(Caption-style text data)
──────

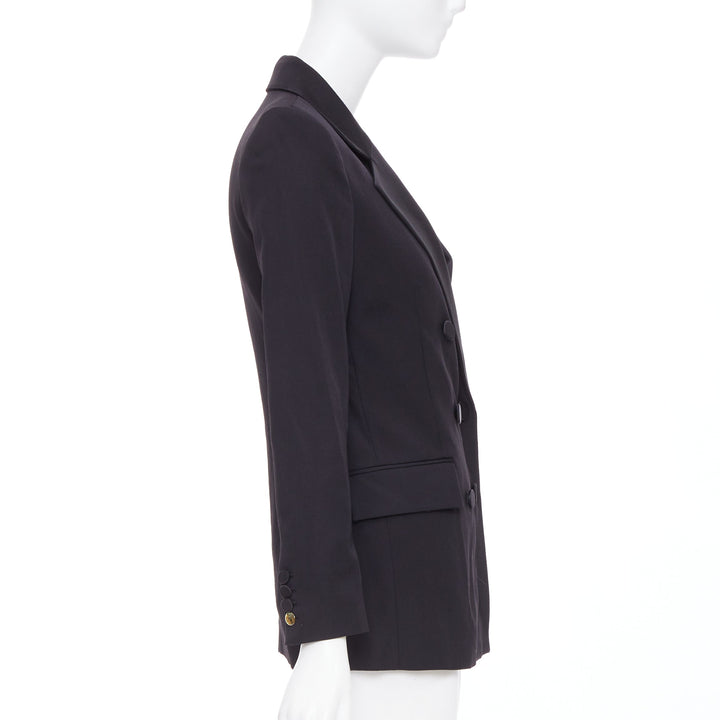 RACIL Hatanaka black wool pique satin trim double breasted tuxedo blazer FR34 XS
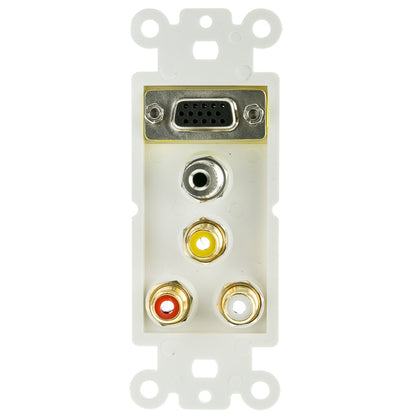 ACCL Decora with 1 VGA, 3.5mm Stereo and 3 RCA (Red/White/Yellow) Female Couplers Wall Plate Insert, White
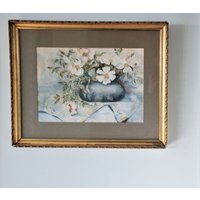 Vintage Blumen Aquarell in Vergoldetem Gesso-Holzrahmen Signiert C Allard von robinseggbleunest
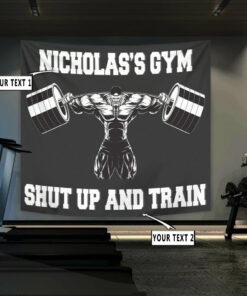 Personalized Home Gym Flag Banner Tapestry Decor Muscle Man Weightlifting Gift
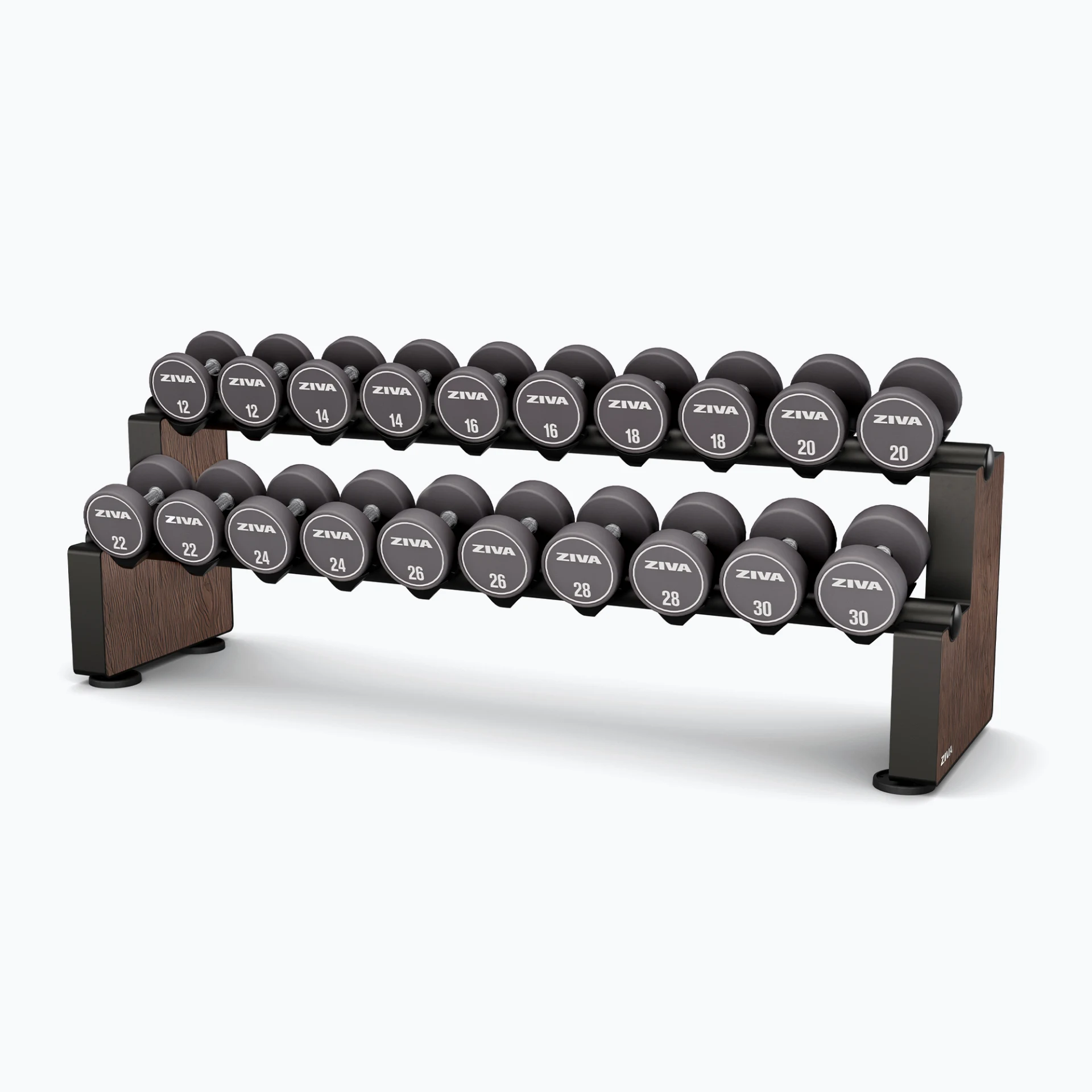 [2551] JUEGOS DE MANCUERNAS DE URETANO LUMINA + SOPORTE PARA MANCUERNAS HORIZONTAL GRANDE LUMINA ZIVA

──────

## WORK ORDER
For this task, give again exactly the lines from the line with "Vintage Blumen Aquarell" through the end of the entries, including both ends, and omit the pictures.

## RESULT OF THE TASK
 Vintage Blumen Aquarell in Vergoldetem Gesso-Holzrahmen Signiert C Allard von robinseggbleunest
 Personalized Home Gym Flag Banner Tapestry Decor Muscle Man Weightlifting Gift
 [2551] JUEGOS DE MANCUERNAS DE URETANO LUMINA + SOPORTE PARA MANCUERNAS HORIZONTAL GRANDE LUMINA ZIVA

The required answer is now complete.